**ABOUT THIS EXERCISE**.
Consider the listing below. Extract exactly the lines from the line containing "Minimalist Architectural Wall" to the line containing "5 darabos barna", both included.

**MATERIAL TO PROCESS**.
--------

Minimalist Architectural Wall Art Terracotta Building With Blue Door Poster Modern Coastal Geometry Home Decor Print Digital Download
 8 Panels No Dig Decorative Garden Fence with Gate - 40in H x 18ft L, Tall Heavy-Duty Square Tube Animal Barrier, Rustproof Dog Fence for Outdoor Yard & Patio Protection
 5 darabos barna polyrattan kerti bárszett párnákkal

--------

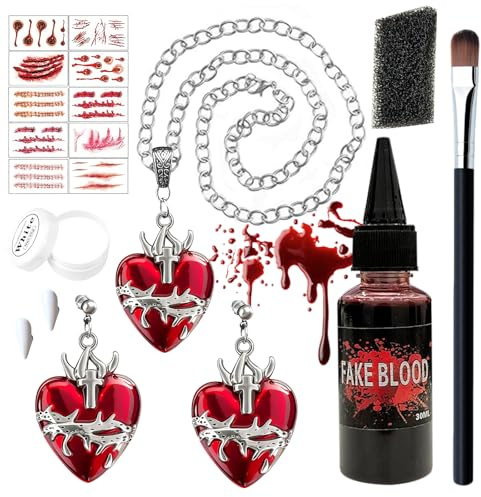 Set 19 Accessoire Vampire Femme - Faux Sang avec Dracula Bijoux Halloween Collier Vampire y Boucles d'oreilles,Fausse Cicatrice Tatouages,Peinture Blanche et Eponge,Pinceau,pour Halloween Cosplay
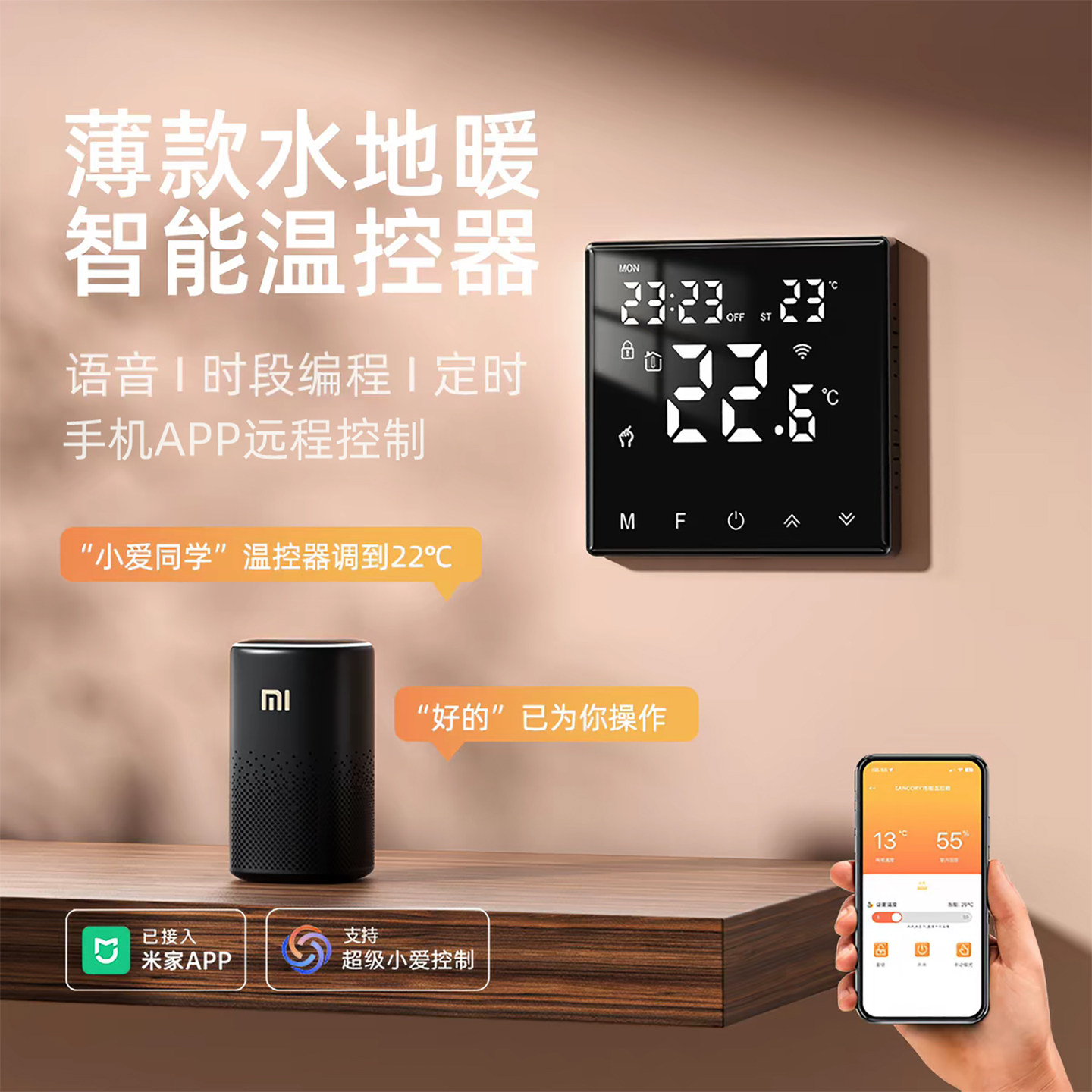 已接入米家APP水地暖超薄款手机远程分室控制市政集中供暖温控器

--------

**THE COMPLETED TASK**.
Minimalist Architectural Wall Art Terracotta Building With Blue Door Poster Modern Coastal Geometry Home Decor Print Digital Download
 8 Panels No Dig Decorative Garden Fence with Gate - 40in H x 18ft L, Tall Heavy-Duty Square Tube Animal Barrier, Rustproof Dog Fence for Outdoor Yard & Patio Protection
 5 darabos barna polyrattan kerti bárszett párnákkal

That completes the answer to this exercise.